Intervention de Harlem Désir

Réunion du 29 mars 2016 à 8h30
Commission des affaires européennes

Harlem Désir, secrétaire d'état aux affaires européennes :

Ce que l'on peut rappeler, c'est que l'Afrique est un continent qui connaîtra la croissance démographique la plus importante au cours des prochaines années, et qui va ainsi probablement passer d'un milliard à deux milliards d'habitants. Il est évident qu'il faut qu'il y ait un avenir pour les jeunes générations qui arrivent en Afrique. Cela ne veut pas dire que nous voulons totalement nous fermer, mais il est évident que l'Europe ne pourra pas accueillir un milliard de personnes parce que l'Afrique manque d'emplois.
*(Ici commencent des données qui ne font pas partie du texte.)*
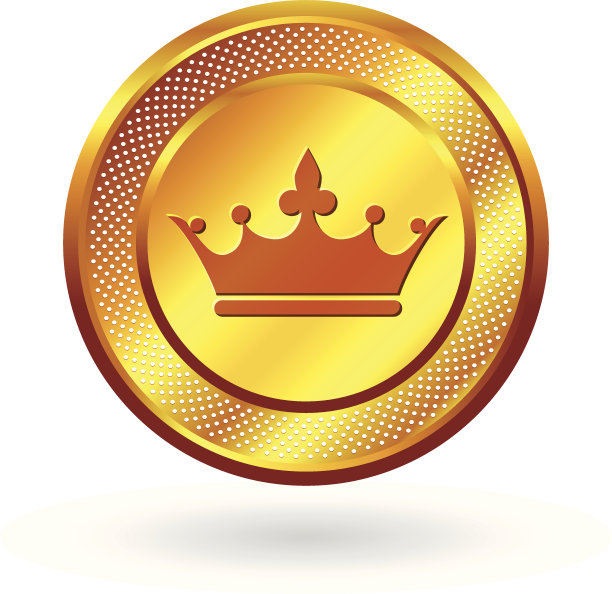 皇冠上的金属金色按钮图片下载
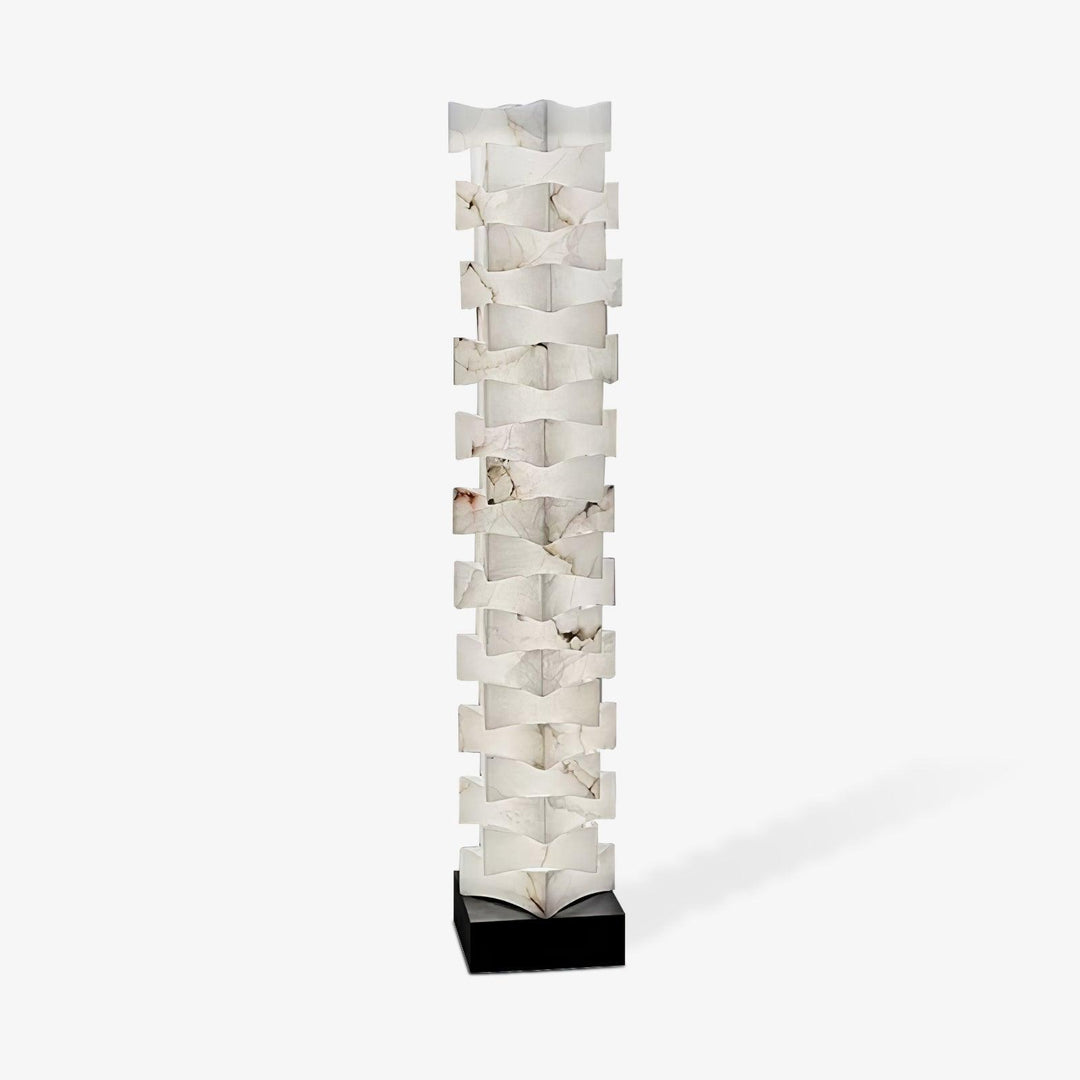 Jade Chic Layered Alabaster Floor Lamp Living Room Bedroom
L'Afrique est aussi un continent qui connaît une importante croissance, qui a beaucoup de capacités et de ressources mais au sein du continent, certains pays ont des problèmes, accumulent des retards en matière d'infrastructures, d'investissement, d'équipement. Il faut que notre relation avec l'Afrique soit déterminée par cette vision stratégique, vous avez raison de le dire. La question est de savoir que faire avec ce « Sud » : soit nous saisissons l'opportunité de contribuer à son développement, à l'innovation pour que ce soit un continent émergent, qui sera une ressource et un relais de croissance pour l'Europe et qui permettra de donner de l'emploi et un avenir à ses habitants ; soit nous serons dans une situation de crises permanentes, avec d'ailleurs probablement des instabilités et des guerres à l'intérieur du continent ainsi que des tensions très fortes entre l'Europe et l'Afrique. Il faut donc une vision très stratégique, très globale et que nous mobilisons l'ensemble des États membres. Cela nous ramène aussi aux questions de défense et de sécurité. Peut-être qu'un certain nombre de pays considèrent que l'Afrique est loin, car ils n'ont pas de passé africain colonial, parce qu'ils n'ont pas de façade méditerranéenne et, il est vrai que le monde vu d'une certaine partie du nord de l'Europe ne met pas l'Afrique en son coeur mais aujourd'hui, dans cette crise et celle du terrorisme qui nous vient du Moyen-Orient, personne ne peut considérer en Europe qu'il peut y avoir une réponse sans avoir une vraie politique extérieure, ni sans avoir une vraie politique de sécurité et de défense qui tienne compte du continent africain.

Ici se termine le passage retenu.